This release of the Directory Proxy Server addresses critical issues from earlier versions. Update all affected servers appropriately.
No critical issues have been identified.
The following issues have been resolved with this release of the Directory Proxy Server.
Updated setup and the replace-certificate tool to improve the way we generate self-signed certificates and certificate signing requests to make them more palatable to clients.
To reduce the frequency with which administrators had to replace self-signed certificates, we previously used a very long lifetime for self-signed certificates generated by setup or the replace-certificate tool. However, some clients (especially web browsers and other HTTP clients) have started more strenuously objecting to certificates to long lifetimes, so we now generate self-signed certificates with a one-year validity period. The inter-server certificate (which is used internally within the server and does not get exposed to normal clients) is still created with a twenty-year lifetime.

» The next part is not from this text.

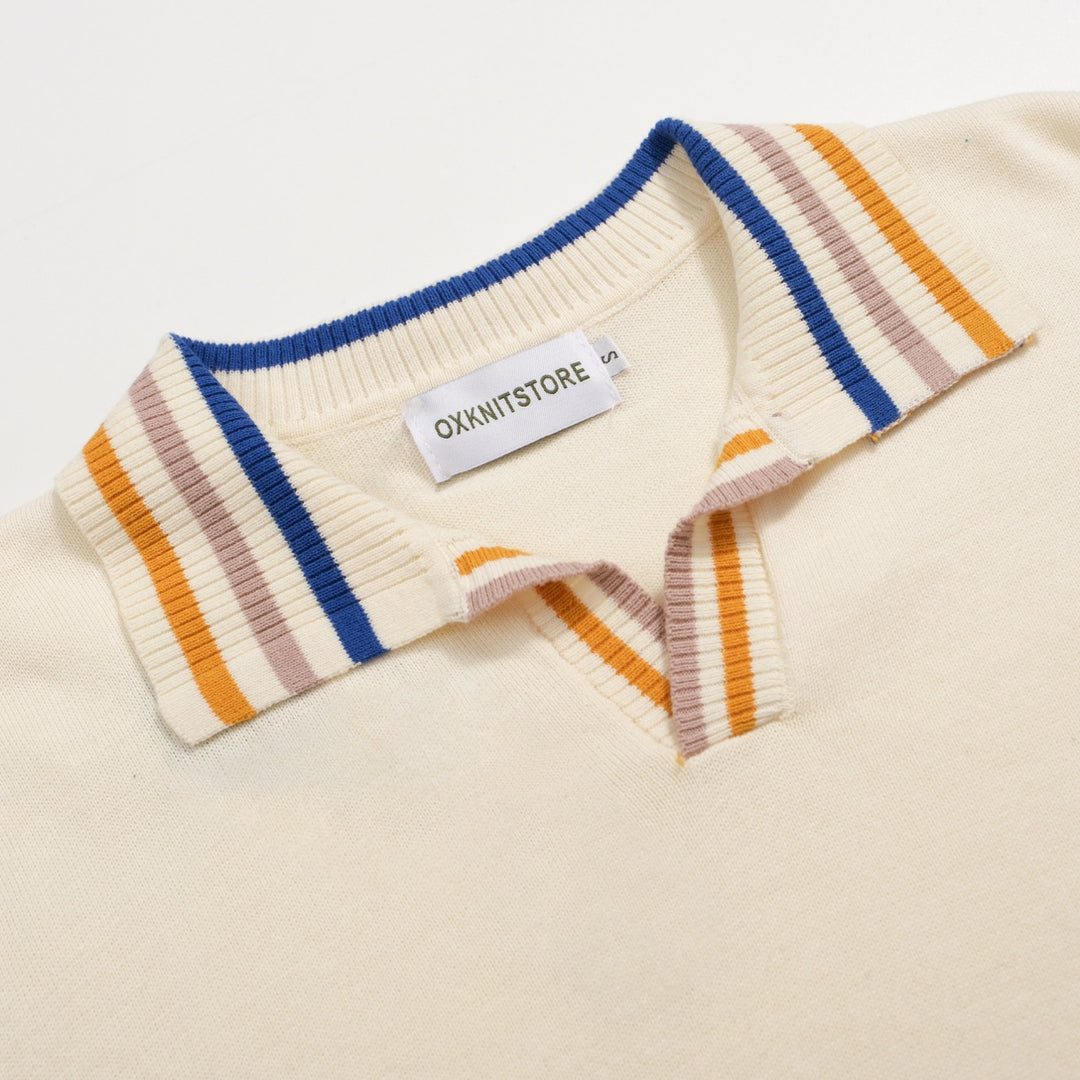 Men's vintage striped knit V-neck polo shirt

Also, the replace-certificate tool's interactive mode has been updated to improve the process that it uses to obtain information to include in the subject DN and subject alternative name extension for self-signed certificates and certificate signing requests. The following changes have been made in accordance with CA/Browser Forum guidelines:
* When selecting the subject DN for the certificate, we listed a number of common attributes that may be used, including CN, OU, O, L, ST, and C. We previously indicated that CN attribute was recommended. We now also indicate that the O and C attributes are recommended as well.
* When obtaining the list of DNS names to include in the subject alternative name extension, we previously suggested all names that we could find associated with interfaces on the local system. In many cases, we now omit non-qualified names and names that are associated with loopback interfaces. We will also warn about any attempts to add unqualified or invalid names to the list.

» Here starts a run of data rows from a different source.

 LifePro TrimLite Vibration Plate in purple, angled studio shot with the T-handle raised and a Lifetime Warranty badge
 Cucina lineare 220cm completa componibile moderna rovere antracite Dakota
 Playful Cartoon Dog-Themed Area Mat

* When obtaining the list of IP addresses to include in the subject alternative name extension, we previously suggested all addresses associated with all network interfaces on the system. We no longer suggest any IP addresses associated with loopback interfaces, and we no longer suggest any IP addresses associated in IANA-reserved ranges (for example, addresses reserved for private-use networks). The tool will now warn about attempts to add these addresses for inclusion in the subject alternative name extension.
Fixed an issue in which the Directory Server could incorrectly allow requests to be processed with an alternate authorization identity (for example, using the proxied authorization control, or if the requests pass through a Directory Proxy Server) whose account is in a "must change password" state. The server will now only permit the operation if it attempts to set a new password for the target user.
Reduced the JVM memory requirements for many command line tools. This avoids memory pressure when multiple tools, such as a scheduled collect-support-data task, are run concurrently to the server process. For most tools, the initial heap size has been reduced to 128 MB, and for certain tools the maximum heap size has capped at 512 MB. On systems with larger amounts of memory, these tools previously were allotted unnecessarily large heaps. The maximum heap size has not been reduced for any tool that especially benefits from having more memory.